Jeff Smith Blog

Random Thoughts & Cartesian Products with Microsoft SQL Server

Sometimes the problem isn't the code. It's the specs.

I thought I'd take a few minutes to discuss a general situation we see quite often in the programming world, using a simple T-SQL example.

Let's say we have created a stored procedure that returns Customers from a database which allows you to optionally specify a particular Region to filter by.  Typically, you would create an optional @Region parameter with a default value of NULL to accommodate this.  Thus, in your stored procedure, if the @Region parameter is null, you do not filter the results, but if not, you use the value passed in to filter the results where the Region column equals the @Region passed in. Now, this is pretty common, and it usually works well, and it is a pretty good convention to follow. 

However, consider this:

What if your Region column is nullable, and therefore NULL values are in your table?
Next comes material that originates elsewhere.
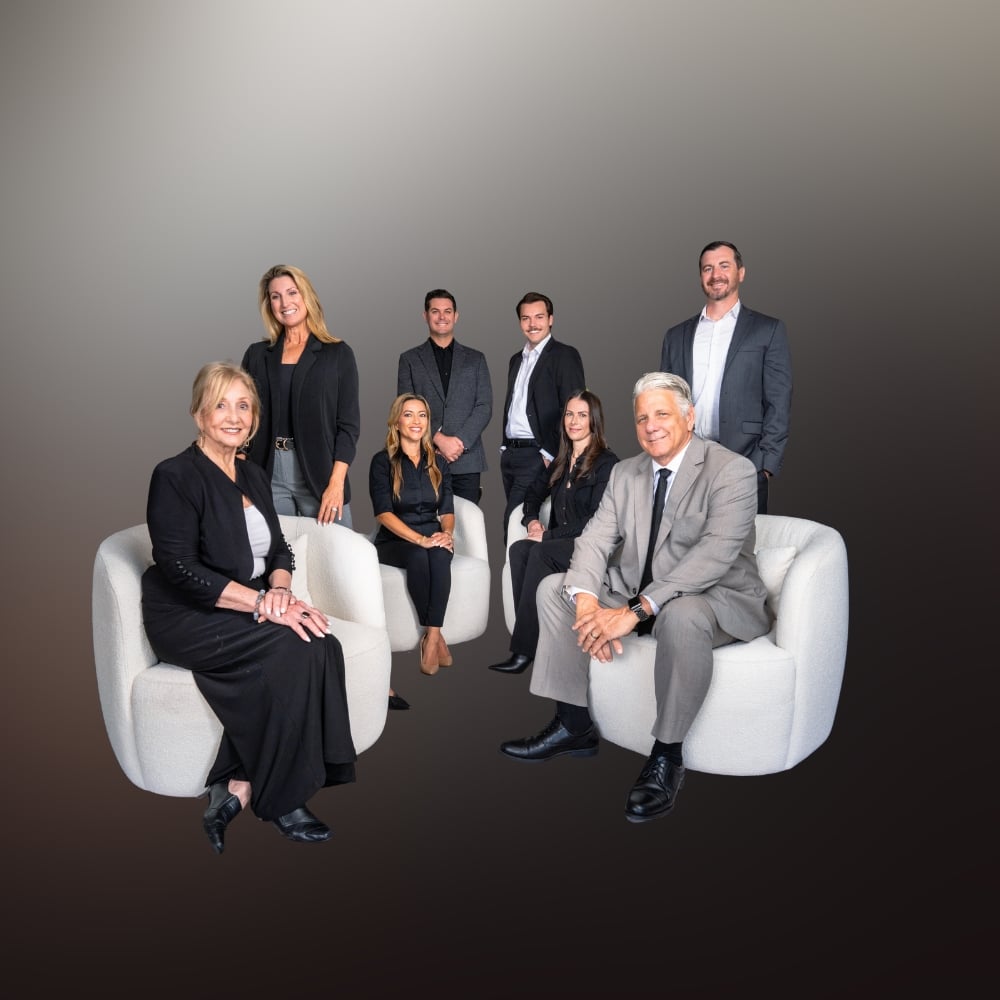 Eight real estate professionals pose together on white chairs against a dark studio background.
This seems to come up quite a bit in the SQLTeam forums (great example here), and like many of the questions raised there, people look for a programming solution for their problem.  They think: there must be a way to fix my code to make it work, because right now it's broken! The Null values are never returned in my results!  How do I fix this? My code is fine, is there a service pack that will fix this bug?

What makes this issue particularly difficult for many programmers to solve is this: It is not a coding error.  It's a logic error in the specifications. Something isn't making sense if you are allowing NULL values in these columns and also allowing a value of NULL in a filtering parameter to indicate something other than "return NULL values only." 

When you have NULLs in the Region column , consider the filtering possibilities:

  • If you want all customers for region X, you pass in @Region='X'.
  • If you want all customers regardless of region, you pass in @Region = NULL.
  • If you want all customers with a NULL region, you pass in .... ???
Putting aside the code for a minute, we can now see the issue:  How do you indicate that we want just customers with a NULL region? You can't do it based on your specifications, because there is no way to do it!  Your specifications do not work in your environment.

So, the solution does not involve programming, it involves examining the specification and the environment to ensure that they are logically compatible.  If you have nullable data in a column like this, you must come up with another convention to use for these optional filtering parameters; not because you wrote the code wrong, or SQL isn't "working", but because very simply the specifications you are trying to implement will not work with the data you have to return the results you want.  It's as simple as that.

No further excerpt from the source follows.